Now imagine we want to know something particular about it. Like, what's the spin? An electron will act as if it is spinning (spinning doesn’t really doesn’t really make sense for an elementary particle but it still has this property). The ‘spinning’ can be either clockwise or counter-clockwise which we label up and down.

IMG_3309

This is where the word Quantum comes in, when we measure the spin of an electron it can only ever be these two values and nothing in between we say spin is quantised. As a classical analogy, that’s like saying your car can only go 10km/hr or 20km/hr and nothing in between. Nonsense!

But I glossed over a little point here, it’s not that it can only BE up or down it’s that we can only MEASURE up or down. The electron is often in a superposition of states until we measure it. This is an idea you may have heard of in terms of the thought experiment (or in German, Einstein’s native tongue a Gedanken) Schroedinger’s Cat. “The cat is both alive and dead until the box is opened” is what people often take away from it. While this is not the correct interpretation of the problem it does help us to grasp the concept of superposition a little more easily. The particle is in this weird superposition of up and down until we measure it and it picks one.

My car analogy breaks down here because it’s not that the car can only go one of these two speeds it’s that whenever we check the speedometer it ‘jumps’ to either 10km/hr or 20km/hr.

Weird, I know.

Now imagine I prepare an electron in a specific way that I can replicate over and over again. I do this and measure the spin with my SPIN-DETECTORTM. Let’s say I get spin up. Now I have a cup of tea and a biscuit and after by break I set up the experiment again in EXACTLY the same way with a new electron. It’s important that it is exact, that’s what makes it an exciting result. I don’t mean like an experimental ‘I did it the same’ but a theoretical ‘exactly the same preparation’. Now I measure the spin of this electron. It is spin down.

What? ‘That doesn’t make sense’, I say. I repeat the experiment again and again. Each time preparing it in exactly the same way. And each time if find I cannot predict whether I will read spin up or spin down. That is the indeterminacy of nature. When SPIN-DETECTORTM looks at the electron God rolls his dice to decide between up and down and the little blue LED screen blinks with his answer.

If this doesn't make you go “Wowzers, my brain is imploding!” then consider this classical analogy: I set up a cannon to shoot a cannonball in the air and paint a big old ‘x’ where it lands. After the obligatory cup of tea I set up this experiment again. Same cannon, same cannonball, same direction, same wind. Everything exactly the same. I shoot the cannonball and it lands precisely on the ‘x’ I drew before. No matter how many times I repeat this it will always land on that ‘x’. Its future is determined by the laws of classical physics laid down for us by Isaac Newton in the 17th century.

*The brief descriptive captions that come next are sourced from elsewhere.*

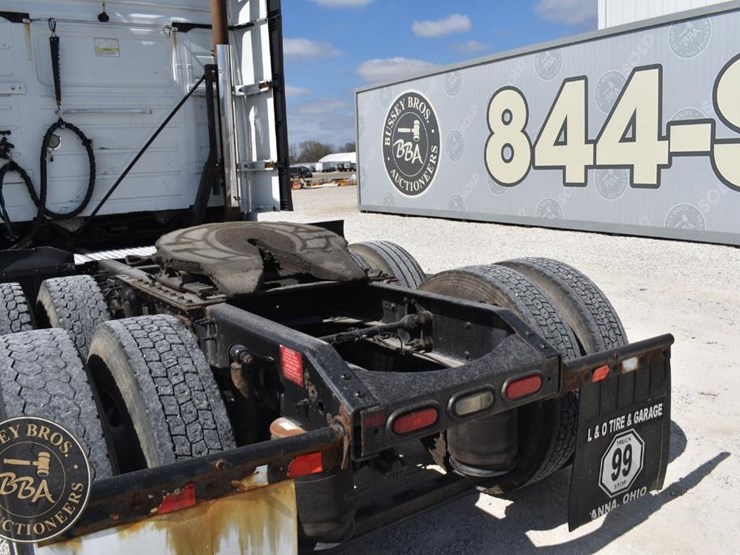 2015-volvo-vnl64t670-image-17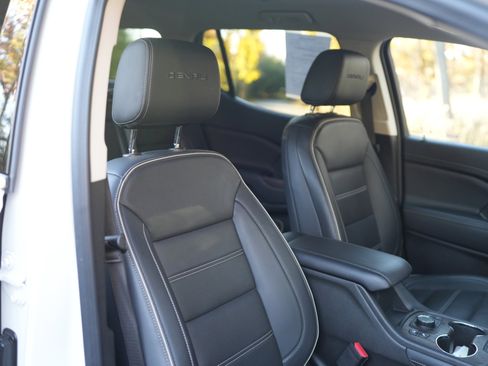 Used 2023 GMC Acadia Denali image 23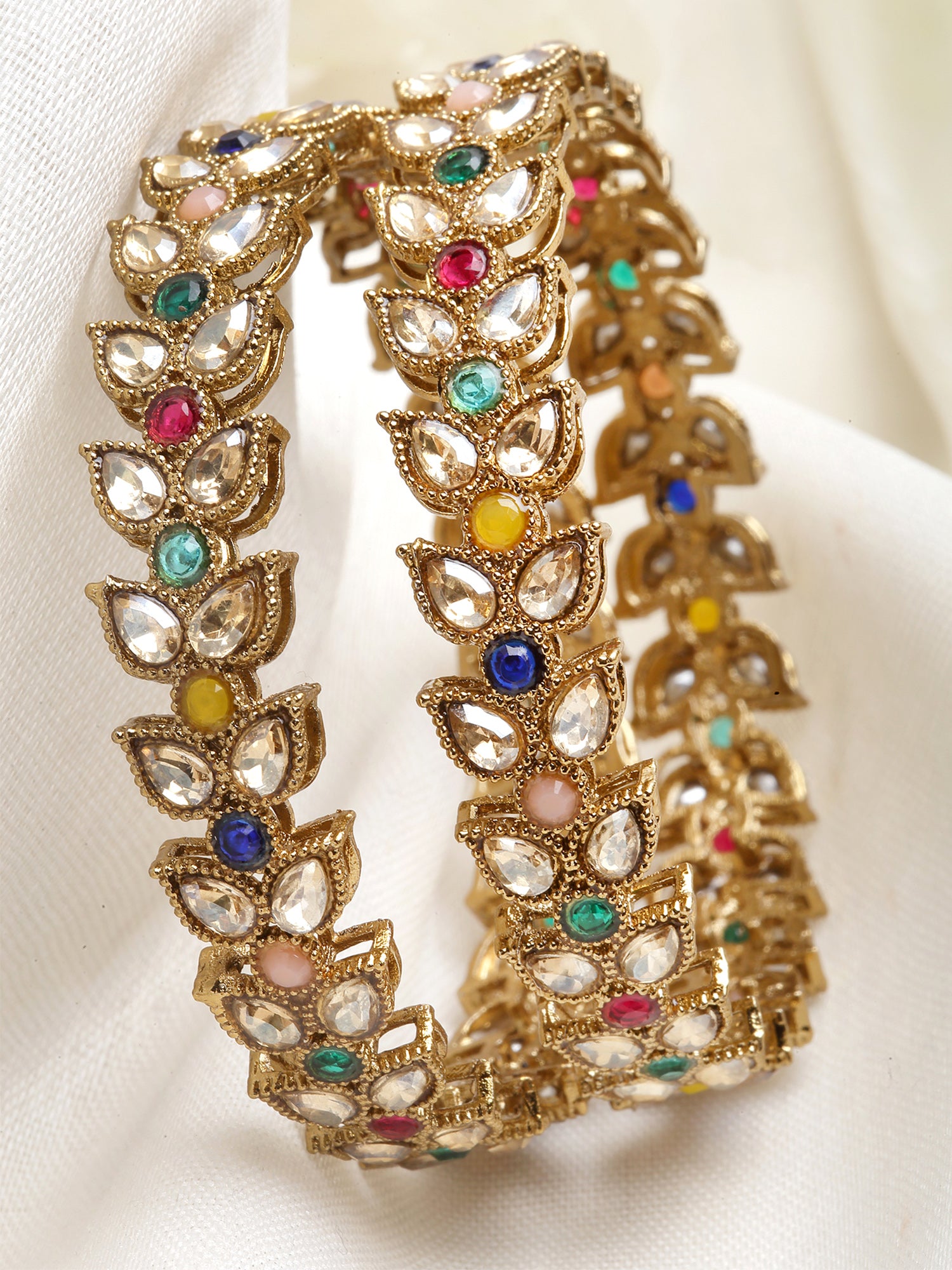 Karatcart Set of 2 Antique Gold Plated Multicolor Kundan Rajwadi Bangles for Women
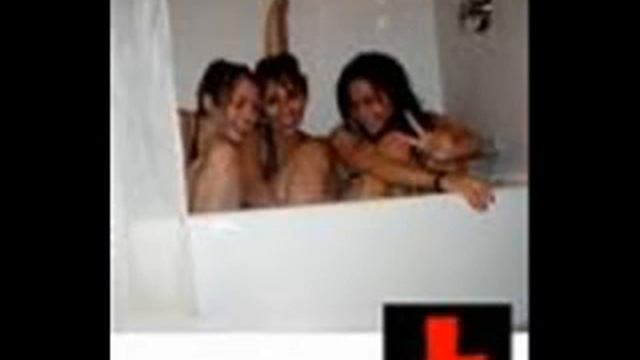 DEMi LOVATO und SELENA GOMEZ ARE BISEXUAL *read description* смотреть онлайн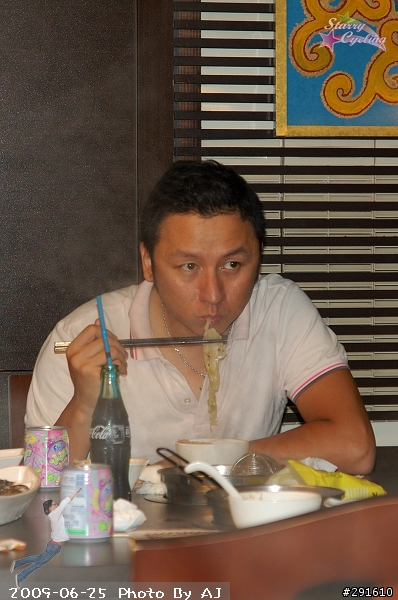 無恥增肥團又出現了...此風不可長...偶速臥底!!!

When you get down to atomic scales there is a fundamental limit on what you can predict. It’s not that we don’t have good enough equipment it is just not possible. This is what Einstein had a problem with. It just didn’t sit right with him. He, Boris Podolsky and Nathan Rosen came up with the EPR paradox. Another Gendanken that was thought at the time (1935) to disprove this “quantum indeterminacy” stuff. He believed in the “Hidden variables” interpretation.  That there was some other factor that we didn’t know that could fill in all that gaps a number maybe that would allow us to predict everything exactly.

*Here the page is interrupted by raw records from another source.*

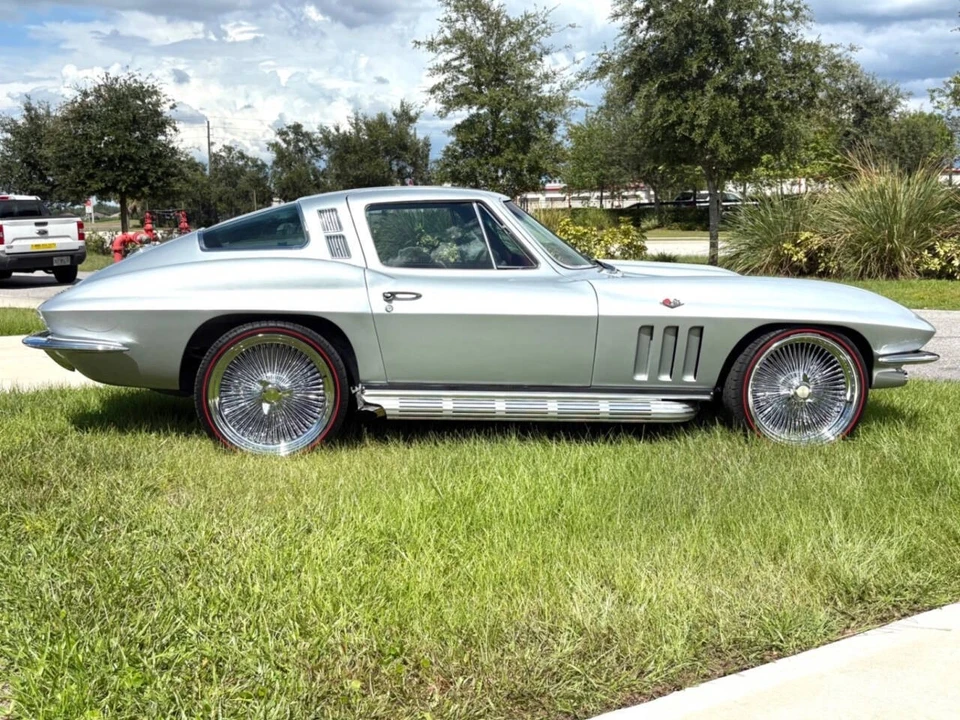 1965 Chevrolet Corvette C2 - Image 5 of 12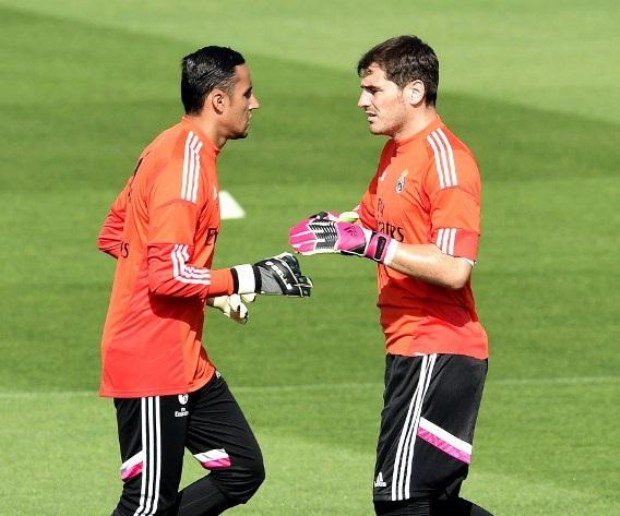 carrusel's tweet photo. ENCUESTA | ¿Ha hecho ya KEYLOR NAVAS lo suficiente para hacer olvidar a IKER CASILLAS?
RT SÍ
FAV NO https://t.co/7Pxt74VJ21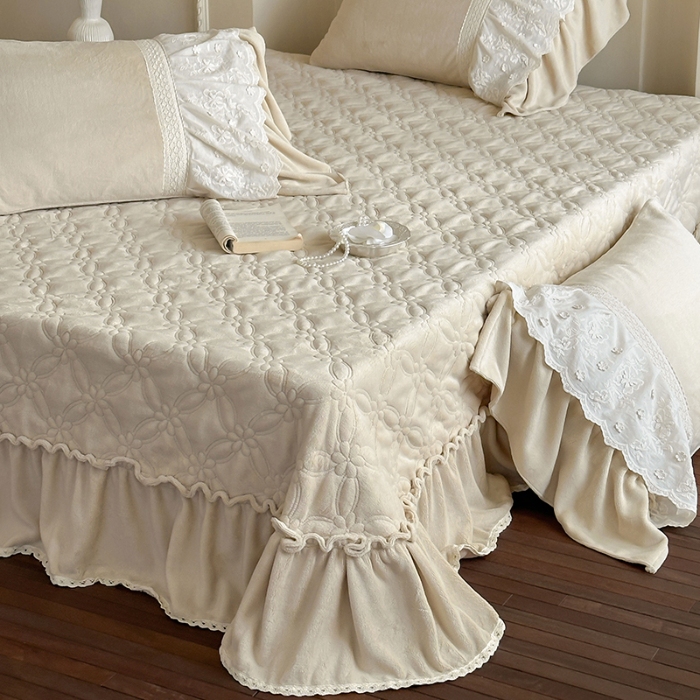 91家纺网 家纺一手货源 找家纺 惯盈家纺 2025新款秋冬A类牛奶绒浮雕刺绣法式公主裙床盖床裙四件套-里约油画(含买家秀） 奶杏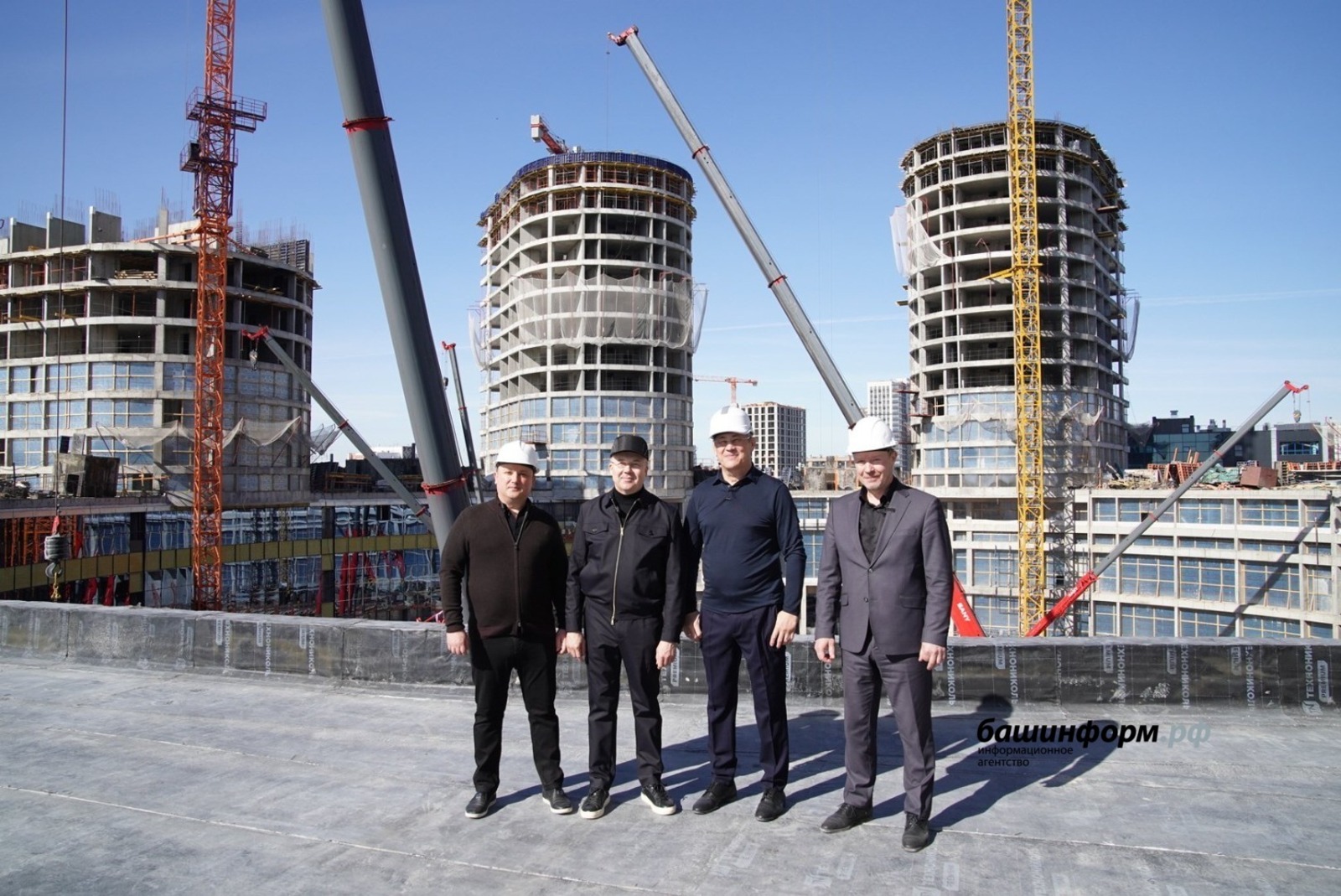 Радий Хабиров показал как идет строительство Межвузовского студенческого кампуса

That is the meaning behind the quote and this is the reason it is so intriguing to consider: Einstein was not right about this one.

In the 60s a physicist named John Stewart Bell mathematically proved that no theory of hidden variables could ever reproduce all of the predictions of quantum mechanics. Amazing! It took thirty years but we now know that this is the way nature works. It is indeterminate. Unpredictable.

In no way does this mean Einstein wasn’t an extraordinary scientist and a great thinker. The moral to take is definitely not “Einstein wasn’t so great after all” but to accept quantum physics as strange. So strange that on a philosophical level it is hard to accept as truth.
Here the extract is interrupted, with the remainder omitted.